In addition to the curriculum, we need to look at other ways to reinforce political engagement. These could include:

• Actively promoting voting and attention to public issues as course and co-curricular activities. During the 2004 presidential election, a professor at Drew University made voting mandatory for students in her class. Requiring students to vote may go too far, but faculty need to consider finding appropriate ways to reinforce voting. This could take the form of extra credit, which has been used by some faculty at IU. Jane Eisner, a recent visitor to the Bloomington and Indianapolis campuses, offered other ideas in her book, Taking Back the Vote.

http://www.homepages.indiana.edu/102204/text/conversations.shtml

• Find ways to promote political involvement just as we do civic volunteering. In recent years, the promotion of volunteering has become a major, formalized activity on many college campuses, IU among them. IU needs to find ways to honor political and public life as it honors charitable and philanthropic work.

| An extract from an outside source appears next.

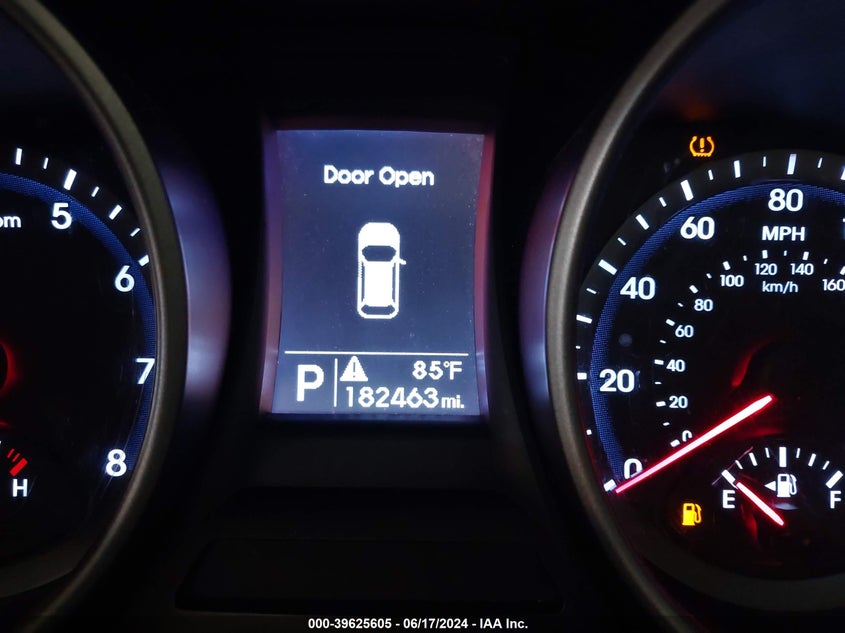 2016 Hyundai Santa Fe Sport 2.4L VIN: 5XYZT3LBXGG332125 Lot: 39625605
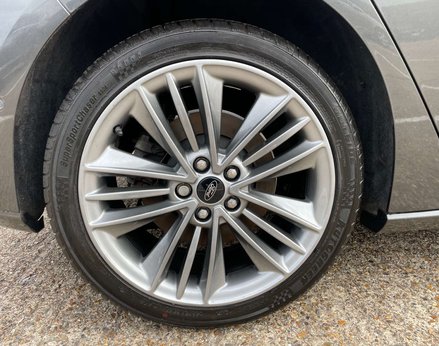 Ford Focus 1.0 Focus Vignale 5dr 14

• Liberalize university policies for civic participation. IU presently grants paid time-off for both jury duty and voting in those cases where an employee’s work schedule conflicts with voting hours. I do not believe we extend similar consideration for voting to our students. We need to ask ourselves: What policies can we institute to signal symbolically and literally the importance of political participation? Faculty, staff, and student councils across the university need to have a voice on these issues.

Our democracy is so young that we do not know, for the long term, what a healthy participation rate is. We could wait to see how far political engagement can fall before popular control in our democracy slips away. I subscribe to a different view. We need to embrace the pledges of our leaders and actively campaign for our students to claim ownership of their democratic society.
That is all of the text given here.